In a video indexing device that identifies a concrete object on the video from the original video information and stores the video of the concrete object,
From the closed caption included in the original video information, extract the sentence whose sentence end is body-stopping, or the last two parts of speech at the end of the sentence are nouns and assertive auxiliary verbs, and extract the last of the nouns included in the extracted sentence A video indexing device comprising feature extraction means for extracting a name of a concrete object by a noun that appears.

In a video indexing device that identifies a concrete object on the video from the original video information and stores the video of the concrete object,
A feature extraction unit is provided for extracting a sentence including a pronoun from a closed caption included in the original video information, and extracting a name of the concrete object using a noun in which the noun is included in the extracted sentence. A video indexing device characterized by that.

The video indexing device according to claim 1 or 2,
Further, dividing means for dividing the closed caption and the video from the original video information, and adding the same time information to the closed caption and the video, respectively,
An index including the name of the concrete object extracted by the feature extraction means, a closed caption with time information divided and given by the division means, and a video with time information divided and given by the division means are stored. A video indexing device comprising: a video indexing storage means.

The video indexing device according to claim 3,
The video indexing apparatus further comprises a search means for searching the video with index and time information by the name of the concrete object from the video index storage means.
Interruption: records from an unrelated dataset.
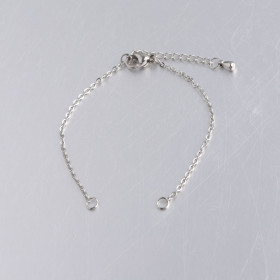 Bracelet ajustable avec chaine d'extension 14cm maille rectangle 2mm en Acier Inoxydable 304 coloris Argent Platine Rhodié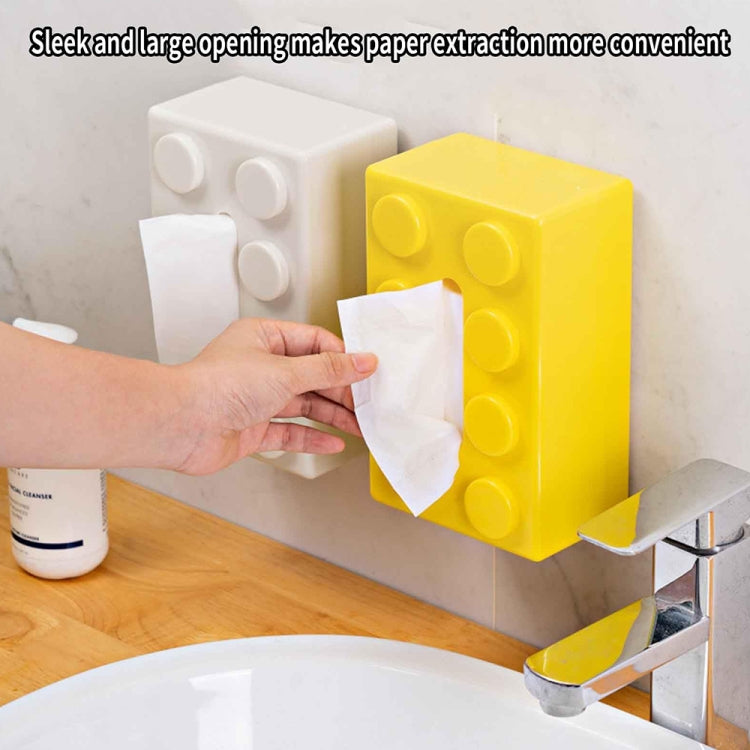 Hộp đựng khăn giấy đa năng hình khối xây dựng hoạt hình trang trí bàn cà phê phòng khách, màu xanh dương, xanh lá, đỏ, đen, trắng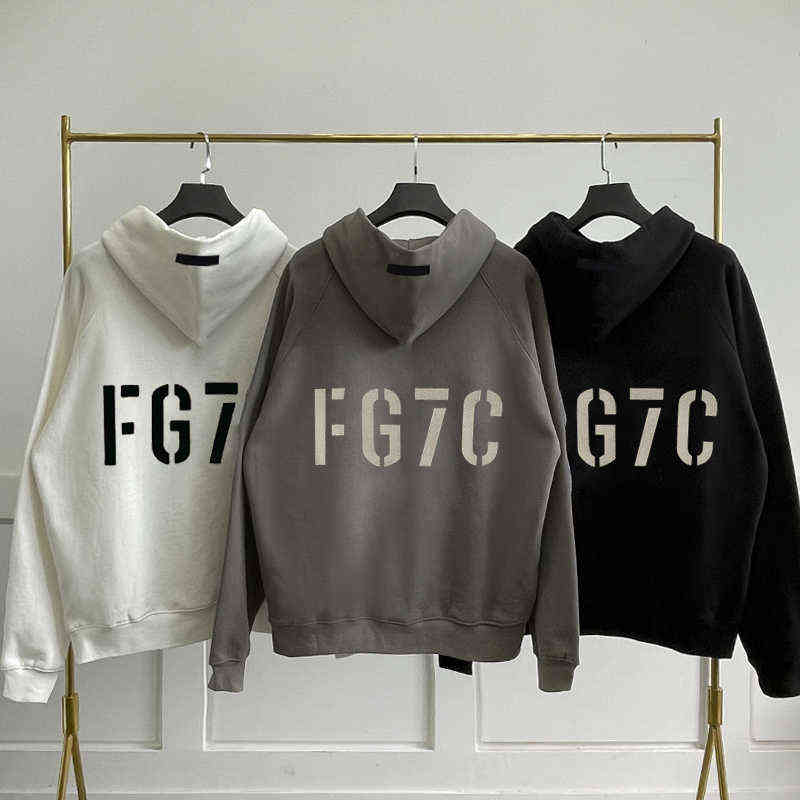 

Best Quality FG7C 7th Collection zipper Hoodies Men Women Hip Hop Oversized Streetwear Loose Sweatshirt Coat T220726, Black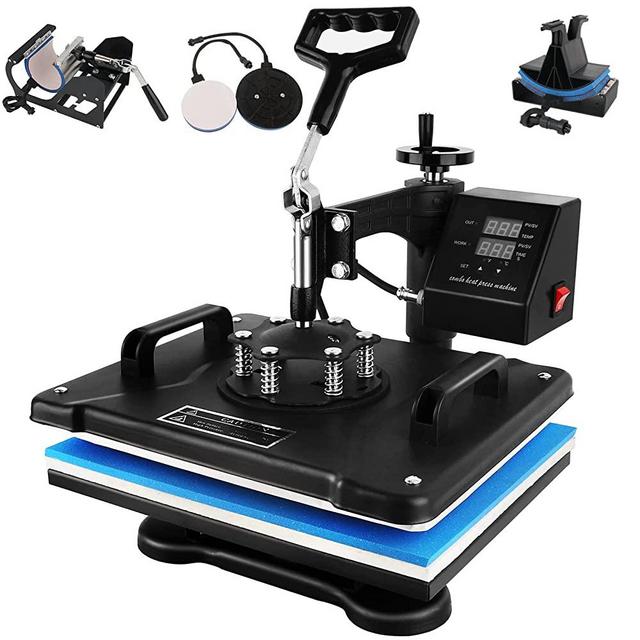Weanas Heat Press Machine, 12" X 15" Professional Swing Away Heat Transfer 5 in 1 Digital Sublimation for T-Shirt, Mug, Hat, Plate, Cap (Blue and Black)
In the video indexing device according to any one of claims 1 to 4,
Furthermore, it comprises a concrete object dictionary storage means for storing the names of the concrete objects,
The feature extraction unit searches the concrete object dictionary storage unit, and extracts the name of the concrete object when the final noun of claim 1 or the noun of claim 2 is stored. A video indexing device characterized by

In the video indexing device according to any one of claims 3 to 5,
The video indexing apparatus, wherein the original video information, the index and the video with time information stored in the video indexing storage unit according to claim 3 are distinguished for each program.

In the video indexing device according to any one of claims 1 to 6,
A video indexing apparatus characterized in that audio is used instead of the closed caption.